Directions for this task
Repeat the data. Keep each line identical.

Excerpted data
= Beginning of Section =

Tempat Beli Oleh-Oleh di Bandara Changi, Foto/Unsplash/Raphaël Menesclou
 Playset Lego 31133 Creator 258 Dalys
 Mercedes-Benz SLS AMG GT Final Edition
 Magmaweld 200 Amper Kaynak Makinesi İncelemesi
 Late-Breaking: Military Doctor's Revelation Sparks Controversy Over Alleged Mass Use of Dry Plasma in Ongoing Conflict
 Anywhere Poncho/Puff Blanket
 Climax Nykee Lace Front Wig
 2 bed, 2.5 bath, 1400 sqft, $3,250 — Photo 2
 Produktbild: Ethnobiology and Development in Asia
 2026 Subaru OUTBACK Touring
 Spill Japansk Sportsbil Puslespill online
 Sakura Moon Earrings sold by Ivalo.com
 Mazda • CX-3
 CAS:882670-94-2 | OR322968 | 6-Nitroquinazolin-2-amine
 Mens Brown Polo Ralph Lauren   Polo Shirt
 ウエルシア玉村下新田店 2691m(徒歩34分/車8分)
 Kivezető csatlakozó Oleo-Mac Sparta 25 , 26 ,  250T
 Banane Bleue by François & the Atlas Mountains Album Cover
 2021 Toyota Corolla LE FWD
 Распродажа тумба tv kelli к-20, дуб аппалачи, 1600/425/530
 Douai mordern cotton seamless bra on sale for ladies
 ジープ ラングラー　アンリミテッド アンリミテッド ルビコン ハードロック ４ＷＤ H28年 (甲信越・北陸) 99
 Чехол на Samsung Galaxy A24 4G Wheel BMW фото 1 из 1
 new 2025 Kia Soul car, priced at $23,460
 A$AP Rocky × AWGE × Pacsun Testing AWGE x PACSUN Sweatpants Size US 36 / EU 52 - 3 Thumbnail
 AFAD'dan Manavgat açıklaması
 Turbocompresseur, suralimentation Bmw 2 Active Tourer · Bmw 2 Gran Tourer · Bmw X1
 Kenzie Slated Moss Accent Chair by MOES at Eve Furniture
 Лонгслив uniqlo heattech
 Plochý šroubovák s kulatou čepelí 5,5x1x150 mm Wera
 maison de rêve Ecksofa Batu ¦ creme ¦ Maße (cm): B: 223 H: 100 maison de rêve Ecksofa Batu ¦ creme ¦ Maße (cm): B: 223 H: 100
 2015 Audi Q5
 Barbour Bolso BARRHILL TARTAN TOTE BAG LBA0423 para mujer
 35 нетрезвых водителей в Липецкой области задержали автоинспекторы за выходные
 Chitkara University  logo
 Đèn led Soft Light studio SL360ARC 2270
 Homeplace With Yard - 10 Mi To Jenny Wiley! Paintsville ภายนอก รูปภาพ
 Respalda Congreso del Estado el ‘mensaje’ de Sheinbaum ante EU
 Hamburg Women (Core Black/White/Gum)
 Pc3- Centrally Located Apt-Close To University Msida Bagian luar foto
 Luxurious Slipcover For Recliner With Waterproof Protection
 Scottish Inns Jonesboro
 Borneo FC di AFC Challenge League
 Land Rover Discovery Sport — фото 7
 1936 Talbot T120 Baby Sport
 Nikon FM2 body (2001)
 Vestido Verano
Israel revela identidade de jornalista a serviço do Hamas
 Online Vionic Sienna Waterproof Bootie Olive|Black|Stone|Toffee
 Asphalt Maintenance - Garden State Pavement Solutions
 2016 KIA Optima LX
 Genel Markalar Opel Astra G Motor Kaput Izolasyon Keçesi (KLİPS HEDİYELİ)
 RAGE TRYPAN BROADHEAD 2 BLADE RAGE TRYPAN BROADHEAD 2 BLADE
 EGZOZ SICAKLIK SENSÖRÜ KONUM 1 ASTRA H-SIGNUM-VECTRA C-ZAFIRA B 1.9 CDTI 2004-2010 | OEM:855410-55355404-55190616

= End of Section =

The answer
Tempat Beli Oleh-Oleh di Bandara Changi, Foto/Unsplash/Raphaël Menesclou
 Playset Lego 31133 Creator 258 Dalys
 Mercedes-Benz SLS AMG GT Final Edition
 Magmaweld 200 Amper Kaynak Makinesi İncelemesi
 Late-Breaking: Military Doctor's Revelation Sparks Controversy Over Alleged Mass Use of Dry Plasma in Ongoing Conflict
 Anywhere Poncho/Puff Blanket
 Climax Nykee Lace Front Wig
 2 bed, 2.5 bath, 1400 sqft, $3,250 — Photo 2
 Produktbild: Ethnobiology and Development in Asia
 2026 Subaru OUTBACK Touring
 Spill Japansk Sportsbil Puslespill online
 Sakura Moon Earrings sold by Ivalo.com
 Mazda • CX-3
 CAS:882670-94-2 | OR322968 | 6-Nitroquinazolin-2-amine
 Mens Brown Polo Ralph Lauren   Polo Shirt
 ウエルシア玉村下新田店 2691m(徒歩34分/車8分)
 Kivezető csatlakozó Oleo-Mac Sparta 25 , 26 ,  250T
 Banane Bleue by François & the Atlas Mountains Album Cover
 2021 Toyota Corolla LE FWD
 Распродажа тумба tv kelli к-20, дуб аппалачи, 1600/425/530
 Douai mordern cotton seamless bra on sale for ladies
 ジープ ラングラー　アンリミテッド アンリミテッド ルビコン ハードロック ４ＷＤ H28年 (甲信越・北陸) 99
 Чехол на Samsung Galaxy A24 4G Wheel BMW фото 1 из 1
 new 2025 Kia Soul car, priced at $23,460
 A$AP Rocky × AWGE × Pacsun Testing AWGE x PACSUN Sweatpants Size US 36 / EU 52 - 3 Thumbnail
 AFAD'dan Manavgat açıklaması
 Turbocompresseur, suralimentation Bmw 2 Active Tourer · Bmw 2 Gran Tourer · Bmw X1
 Kenzie Slated Moss Accent Chair by MOES at Eve Furniture
 Лонгслив uniqlo heattech
 Plochý šroubovák s kulatou čepelí 5,5x1x150 mm Wera
 maison de rêve Ecksofa Batu ¦ creme ¦ Maße (cm): B: 223 H: 100 maison de rêve Ecksofa Batu ¦ creme ¦ Maße (cm): B: 223 H: 100
 2015 Audi Q5
 Barbour Bolso BARRHILL TARTAN TOTE BAG LBA0423 para mujer
 35 нетрезвых водителей в Липецкой области задержали автоинспекторы за выходные
 Chitkara University  logo
 Đèn led Soft Light studio SL360ARC 2270
 Homeplace With Yard - 10 Mi To Jenny Wiley! Paintsville ภายนอก รูปภาพ
 Respalda Congreso del Estado el ‘mensaje’ de Sheinbaum ante EU
 Hamburg Women (Core Black/White/Gum)
 Pc3- Centrally Located Apt-Close To University Msida Bagian luar foto
 Luxurious Slipcover For Recliner With Waterproof Protection
 Scottish Inns Jonesboro
 Borneo FC di AFC Challenge League
 Land Rover Discovery Sport — фото 7
 1936 Talbot T120 Baby Sport
 Nikon FM2 body (2001)
 Vestido Verano
Israel revela identidade de jornalista a serviço do Hamas
 Online Vionic Sienna Waterproof Bootie Olive|Black|Stone|Toffee
 Asphalt Maintenance - Garden State Pavement Solutions
 2016 KIA Optima LX
 Genel Markalar Opel Astra G Motor Kaput Izolasyon Keçesi (KLİPS HEDİYELİ)
 RAGE TRYPAN BROADHEAD 2 BLADE RAGE TRYPAN BROADHEAD 2 BLADE
 EGZOZ SICAKLIK SENSÖRÜ KONUM 1 ASTRA H-SIGNUM-VECTRA C-ZAFIRA B 1.9 CDTI 2004-2010 | OEM:855410-55355404-55190616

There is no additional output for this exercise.